▸ **What to do**: Print exactly the lines below between the line containing "WiseGoods Luxe Set" and the line containing "59 Pine St, Millburn, NJ 07041 photo 17", counting both of those lines. Leave pictures out.

[Extracted records]
• • • • •
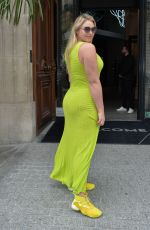 ISKRA LAWRENCE Leaves Her Hotel in Paris 09/28/2019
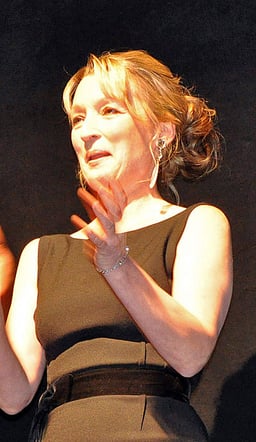 How many seasons did Lesley Manville star in "Mum"?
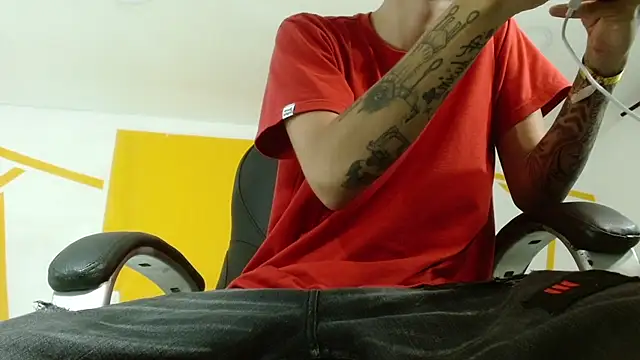 FrannBoy online show from 28, 2, 2025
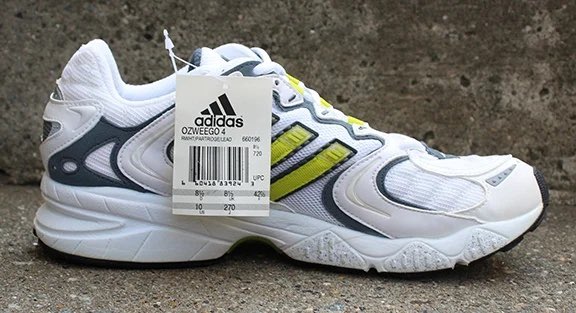 ApolloOnTheMoon's tweet photo. @gotmybrands_on They looked very different in 1990s. Also the monochromatic earth tone was made much more popular by Ye which is what you see in the 2019 example pic https://t.co/hnZxEPUENJ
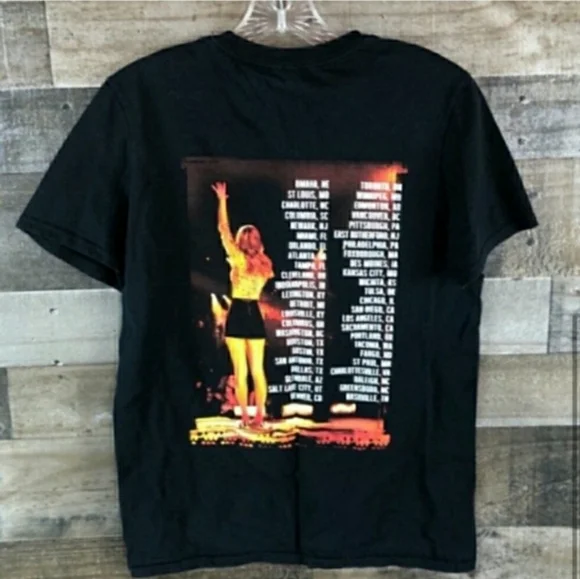 Taylor Swift The Red Tour Short Sleeve Tee Womens Small - Picture 3 of 4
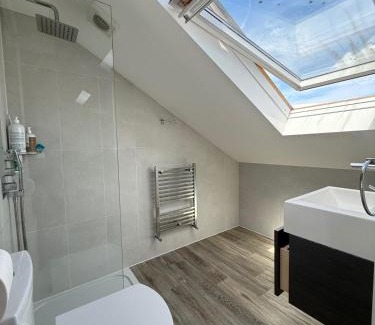 Town Casa | London Family Sleep 8 w 4 Baths WiFi 1m Tube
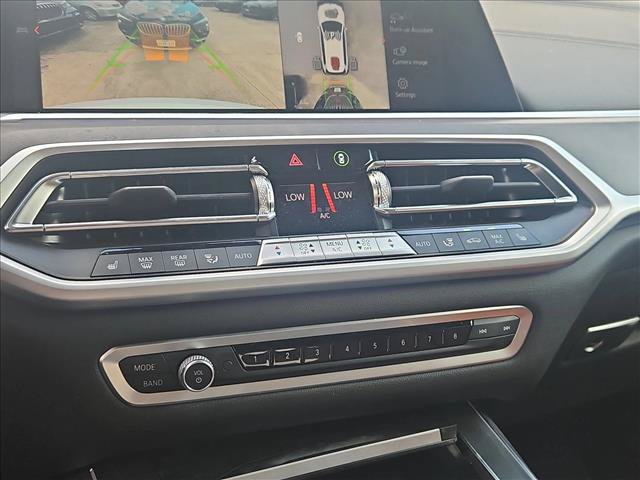 Used 2022 BMW X7 M50i AWD/4WD image 11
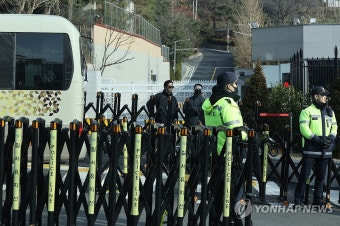 영장집행 앞둔 대통령 관저 앞 경계근무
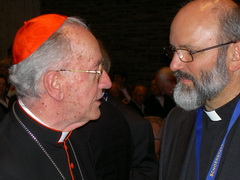 Kardinal Hummes im Gespräch mit P. Heinrich Walter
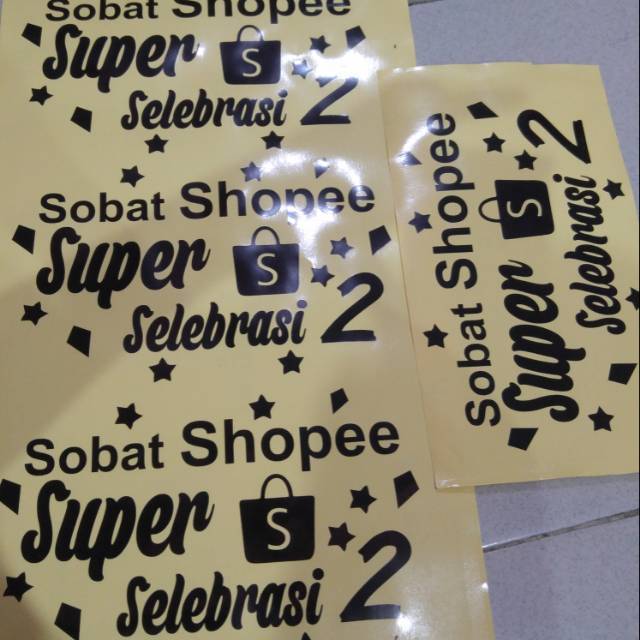 

Cutting Stiker 25cm x 15cm Desain Suka-suka tanpa PO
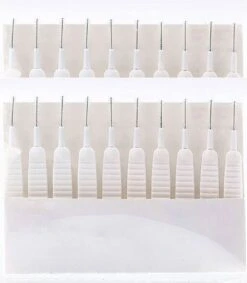 WiseGoods Luxe Set Brosses Pommeau De Douche - Anti-calcaire - Détartrant - Brosse Nettoyant Calcaire - Accessoires De Vêtements Pour Bébé De Salle De Bain - Ragers - 20pcs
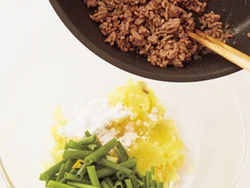 炒めたひき肉をさつまいもに加える。出てきた肉の脂も一緒に混ぜることで、うまみがプラスされる。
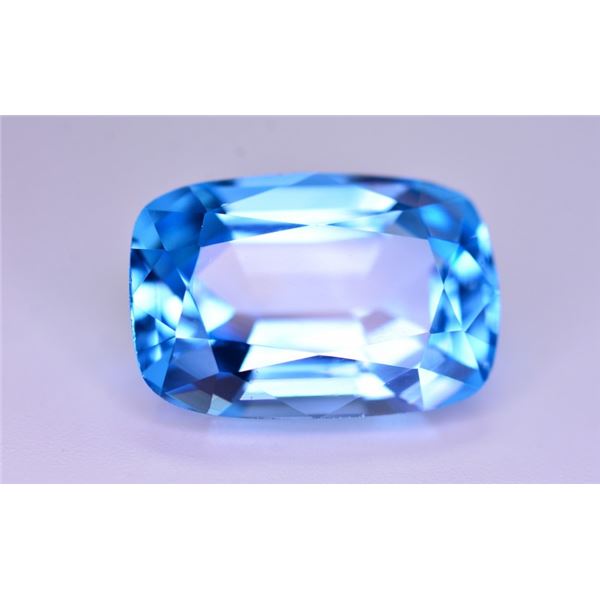 Stunning 14 Ct Natural Blue Topaz Gemstone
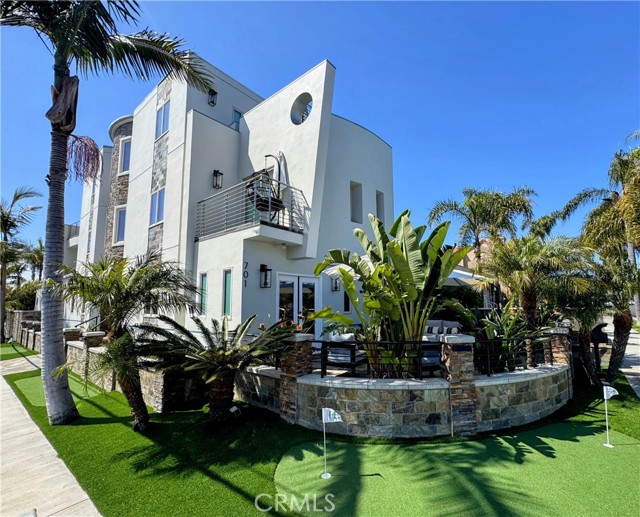 Photo of 701 Huntington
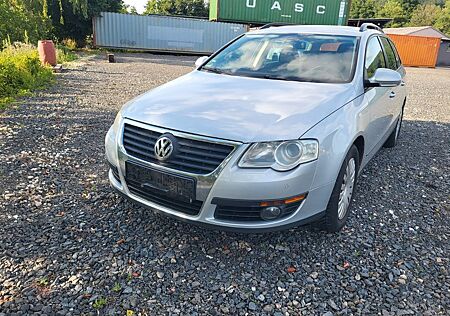 VW Passat Variant Volkswagen Trendline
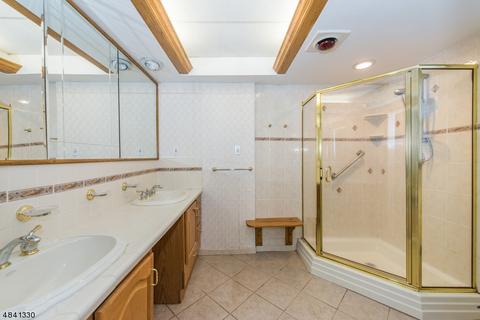 59 Pine St, Millburn, NJ 07041 photo 17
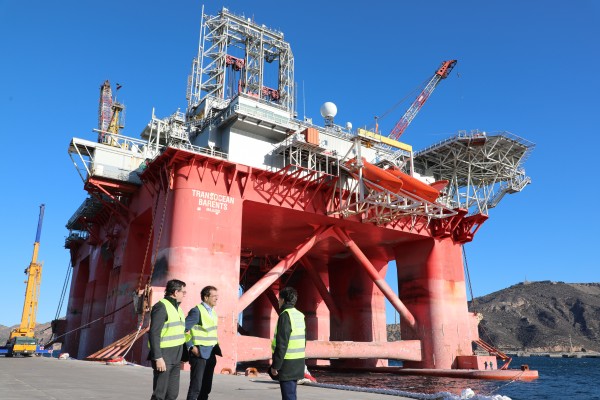 Una operativa de 20 horas traslada la plataforma petrolífera Transocean Barents al dique suroeste del Puerto de Cartagena
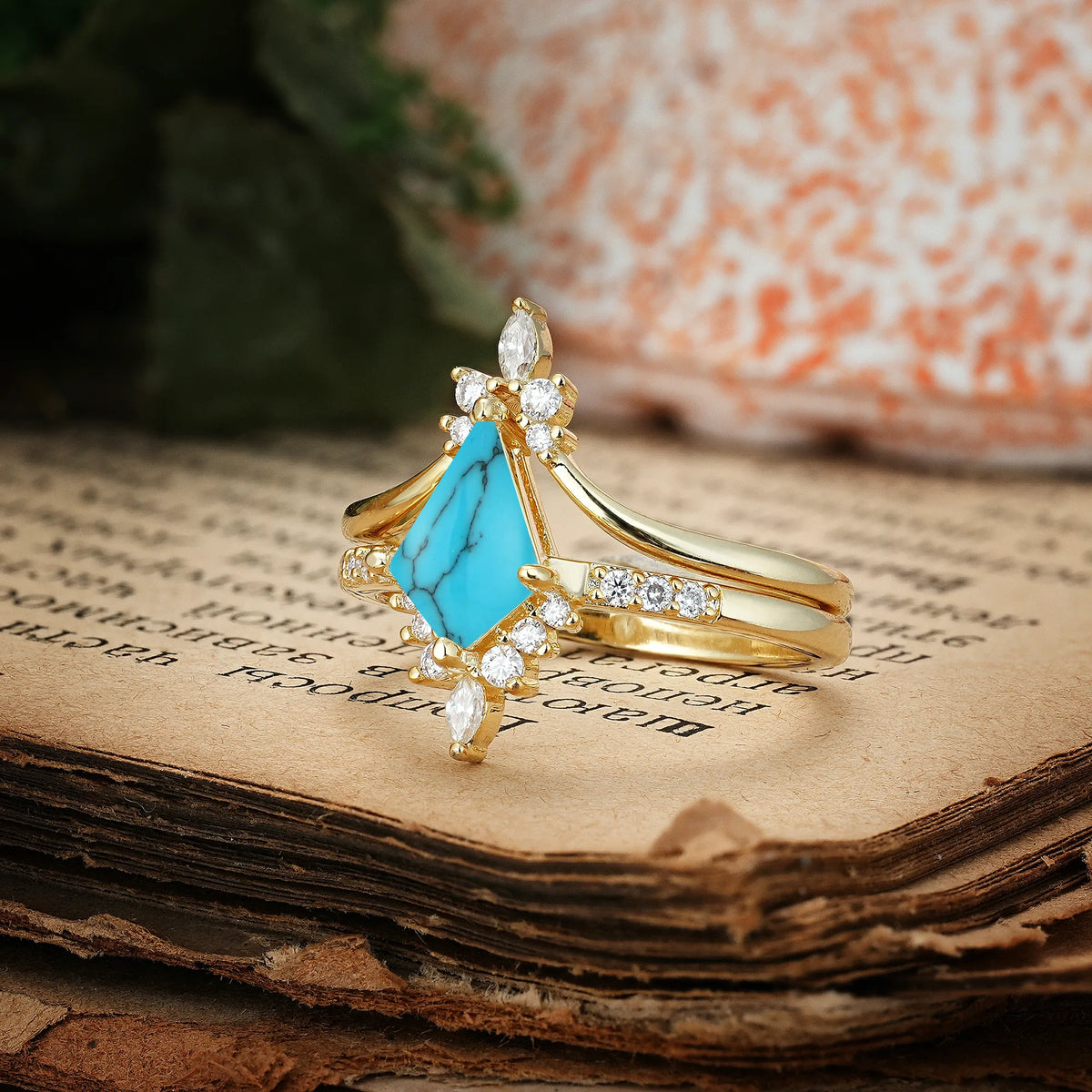 Luxurious Classic 4-Prong Kite Cut Turquoise Bridal Ring Set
• • • • •
▸ **Problem solution**:
 WiseGoods Luxe Set Brosses Pommeau De Douche - Anti-calcaire - Détartrant - Brosse Nettoyant Calcaire - Accessoires De Vêtements Pour Bébé De Salle De Bain - Ragers - 20pcs
 炒めたひき肉をさつまいもに加える。出てきた肉の脂も一緒に混ぜることで、うまみがプラスされる。
 Stunning 14 Ct Natural Blue Topaz Gemstone
 Photo of 701 Huntington
 VW Passat Variant Volkswagen Trendline
 59 Pine St, Millburn, NJ 07041 photo 17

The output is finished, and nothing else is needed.